KEN GIGLIOTTI /  WINNIPEG FREE PRESS
‘If you have no hope, what is the consequence of taking someone’s life?’
— Dr. Keith Hildahl
KEN GIGLIOTTI / WINNIPEG FREE PRESS ‘If you have no hope, what is the consequence of taking someone’s life?’ — Dr. Keith Hildahl

One of the boys, a 16-year-old with a cluster of love-bite bruises on his neck, answered in an indirect but telling way.

“My cousin was stabbed to death on College and Aikins.”

His cousin was Clark “Clarky” Stevenson. The street stabbing happened early on the morning of Sept. 10 and two teenagers have since been charged with killing the 15-year-old because they believed he was affiliated with a gang. One of the accused is 18, the other only 14.

I could tell the kid who is living with the death of his cousin wanted to talk more, but the leader of the group pulled him away. But he called back that we would meet later at the Tim Hortons across Portage Avenue.

“Five o’clock,” he said.

— — —

The next day, I had another appointment, this time with Dr. Keith Hildahl, the head of the Winnipeg Regional Health Authority’s child adolescent mental health program.

I had a related question for him, too.

How does a kid get to the point in his life where he can look some other kid in the eye and stab him in the heart?

Actually, I’d been thinking about that long before Friday’s Free Press story about teenagers being the victim or the accused in nine of the city’s 32 murders so far this year.

My initial curiosity came from constant police reports of people, mostly young people from the inner city, being stabbed but not necessarily dying.

Subsequently, I read about kids in what amounts to inner-city American war zones who witness and live with the threat of violence in their homes and neighbourhoods and how so many of them suffer the emotion-numbing after-effects of post-traumatic stress disorder.
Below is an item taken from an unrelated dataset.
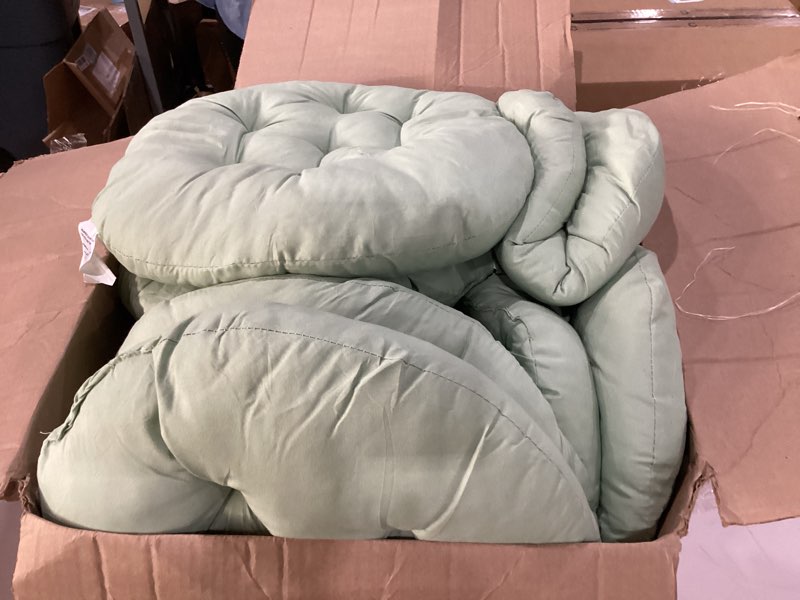 Condition photo showing Good Condition for fumete 12 pcs floor pillows cushions seating 16 x 16 inches color round seat reading floor chair cushions for kids adults classroom home school playing supplies(green)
I wondered if that could be part of the reason kids in inner-city Winnipeg can kill other kids with such little feeling. The way soldiers are trained to, and street gang members are supposed to.

Hildahl agreed that was part of it.

“We’ve got lots of kids who come through youth justice who have had early physical abuse and early sexual abuse and massive amounts of early neglect.”
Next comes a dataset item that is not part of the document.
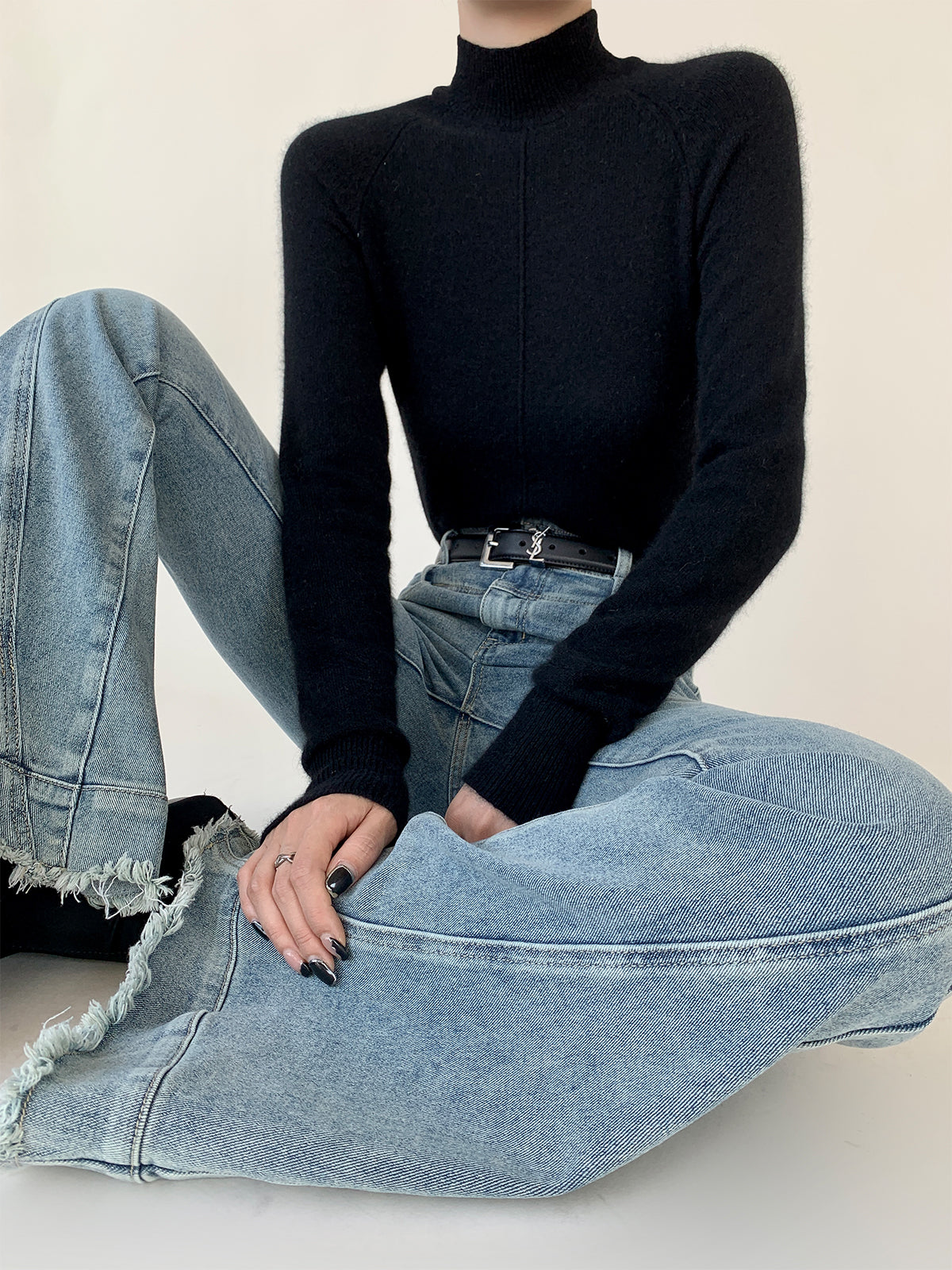 High-Neck Slim Knit Tops_BDHL8021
Which creates what psychiatrists call a lack of “attachment,” the emotional connections that come from being loved and nurtured as a child that help us empathize with others later in life.

But Hildahl also said this: “There are as many stories as there are murderers.”
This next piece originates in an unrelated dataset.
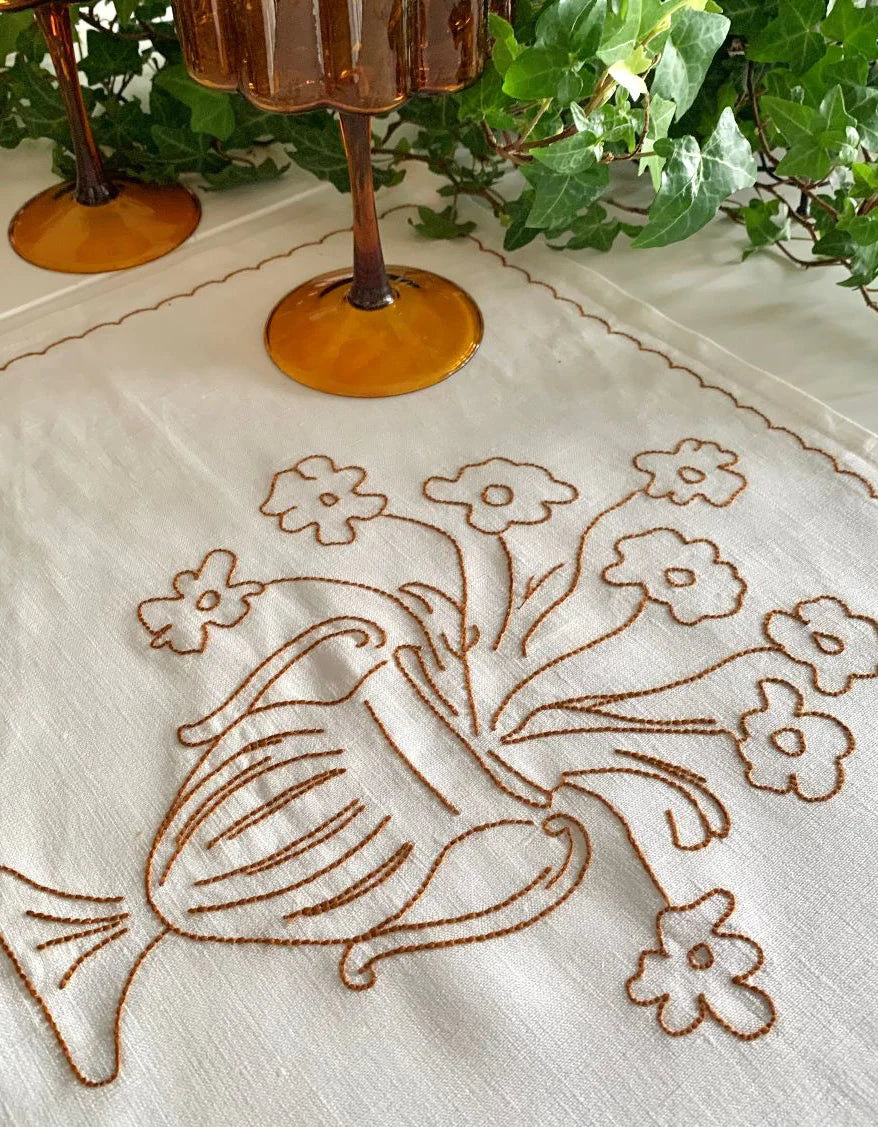 Little nordic sol -Bloom tan placemat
He suggested there’s a natural tendency to want to lump the reasons into those large clusters.

“Gangs, which is a big factor. Inner city. Obviously a big deal. Poverty.”

I suggested another reason.

It comes from something published years ago in a letter to the New York Times. “Why do young black men kill other young black men?” the letter writer asked. “Because they’re shooting into a mirror.”

But Hildahl suggested that what he sees most when he looks into the souls of these mostly First Nations kids isn’t self-loathing.

“I see more emptiness. I see lots of emptiness. Kids who have nothing and understand they have nothing.”

Kids who don’t see a future.

Who lack hope.

“If you have no hope,” Hildahl said, “what is the consequence of taking someone’s life?”

Yet, after they kill, Hildahl said, some kids have deep remorse. Others express remorse as much as their limited emotional development allows.

“And once in a while we see kids with no remorse.”

Surprisingly perhaps, few in Hildahl’s experience are classic sociopaths. Instead, when they’re alone in a room without the bravado of the gang to live up to, Hildahl sees them for what they really are.

“These are poor lost kids.”

But these are the grandchildren of the kids Hildahl saw when he was working as a youth justice counsellor back in the early 1970s.

“You’re seeing a generational transfer,” he said. “And it’s growing.”

 

— — —

 

If you’re wondering about the kid who was supposed to meet me at Tim Hortons, he didn’t show up.

But then I didn’t really think he would. What concerns me far more is, other than talking tough on crime, most of our political leaders have failed to show up on the issue during the provincial election.

But then I really didn’t think they would, either.